島田雅彦『子どもを救え!』(集英社文庫 ISBN:4087477282)

不意に訪れてしまった休みを有効に使いたいとは思うものの、そうはいっても、何をしていいのかわからず(本当はすべきことはいっぱいあるのだった)、いっぽうでは、やはりどこか周囲の正月気分に影響されていて、思いっきり集中力がなく、怠惰な一日をすごしてしまった2006年1月1日の、パートナーが寝込んでいる郊外マンション(駅から徒歩三分・1LDK・70㎡)在住の30代男性のバイオリズムにガチっとハマってしまい、思わず2時間で読み切ってしまったのだった。元気は出た。可能な世界をいろいろと想定することで、退屈は有意義な空無の時間に変わる。だが、それは、人の不幸を喜び、人の幸運をねたましく思う感性と違わない。

 鈴木梅子は勝ったのか、負けたのか?浮浪者になっているかも知れない得居大はやはり負けたのか?
 かつて、郊外のありふれた町で同じ制服を着、同じ商店街で買物をし、同じ橋を渡り、同じ駄菓子屋にたむろした連中は今何処で何をしているのか?
 これまでそんなことを考えたためしがなかった。自分が生まれてこの方、郊外に幽閉されていることの理不尽ばかり考えた。郊外でなければ、何処へでも逃げ出そうと貪欲に旅を続けてきた。でも、旅が終るとまた郊外に舞い戻ってきてしまう。千鳥はユリシーズではないのだから、郷愁なんて抱くつもりはなかった。そもそも郷愁は失われた世界への哀惜の念である。もし、地上から自分が生まれ育った郊外が消滅してしまえば、郷愁も味わうことができただろう。しかし、郊外は失われるどころか増殖しているのだった。そのうち、旅にも徒労感を覚えるようになった。なぜなら、旅先もまた都市や辺境のオーラを失い、何処かで見たような場所でしかないことを発見してしまったからだ。最悪の場合、自分が生まれ育った郊外とそっくりの街に辿り着いたりした。
 もう自分は郊外から逃げられない。
 千鳥が諦めとともにそう断念した頃、哲人が生まれた。千鳥は郊外に定住する覚悟を決めた。その頃から過去を懐しむ気になった。
 〔略〕
 千鳥と同様に、英雄は無為に身を任せるために郊外の家に戻ってくる必要があったのではないか。妻と二人の子どもがいるあの居間は、英雄が何もしないために必要な場所だったのかも知れない。事実、英雄はいつも伸び切ったバネのようにソファに横だわっていた。疲れを知らぬ英雄でも、月に一、ニ回はそんな時がある。可南子が最後の数日間に見ていたのは、摩耗した英雄だった。日記には英雄の言葉が生々しく記録されていた。
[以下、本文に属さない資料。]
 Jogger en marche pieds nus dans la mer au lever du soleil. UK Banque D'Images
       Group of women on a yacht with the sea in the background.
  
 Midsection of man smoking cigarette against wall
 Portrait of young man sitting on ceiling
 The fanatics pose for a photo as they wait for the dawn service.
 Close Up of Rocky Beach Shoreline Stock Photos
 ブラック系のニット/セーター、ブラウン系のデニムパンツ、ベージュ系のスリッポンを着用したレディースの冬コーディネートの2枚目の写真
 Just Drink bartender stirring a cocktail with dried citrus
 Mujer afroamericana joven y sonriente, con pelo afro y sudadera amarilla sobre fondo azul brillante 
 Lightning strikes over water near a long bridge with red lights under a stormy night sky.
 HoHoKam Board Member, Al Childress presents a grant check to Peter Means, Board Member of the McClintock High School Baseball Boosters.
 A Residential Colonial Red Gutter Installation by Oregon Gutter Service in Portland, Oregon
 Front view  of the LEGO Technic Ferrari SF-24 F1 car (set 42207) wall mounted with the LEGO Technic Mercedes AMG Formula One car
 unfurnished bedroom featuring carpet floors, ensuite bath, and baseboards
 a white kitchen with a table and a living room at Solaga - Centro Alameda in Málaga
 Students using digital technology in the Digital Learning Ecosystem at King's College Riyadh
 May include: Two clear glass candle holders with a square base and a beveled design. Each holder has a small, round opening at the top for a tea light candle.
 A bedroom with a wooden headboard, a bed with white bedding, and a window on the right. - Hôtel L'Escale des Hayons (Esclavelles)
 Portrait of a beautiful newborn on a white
 ああ、何もかも面倒くせえ。いっそみんな消えちまえばいい。
 千鳥も小学校六年生以来、たびたびそんな気分になっていた。逆に郊外に暮していて、そんな気分になったことがない者の方が狂っている。その気になれば、誰だってニヒリストになれる世の中に暮している。ニヒリストにならず、爽やかサラリーマンや生きがいだらけの主婦のまま固まっている人がいたら、その人は危険だ。狂うか、宗教に走るか、自殺に走るか、ろくなことはないだろう。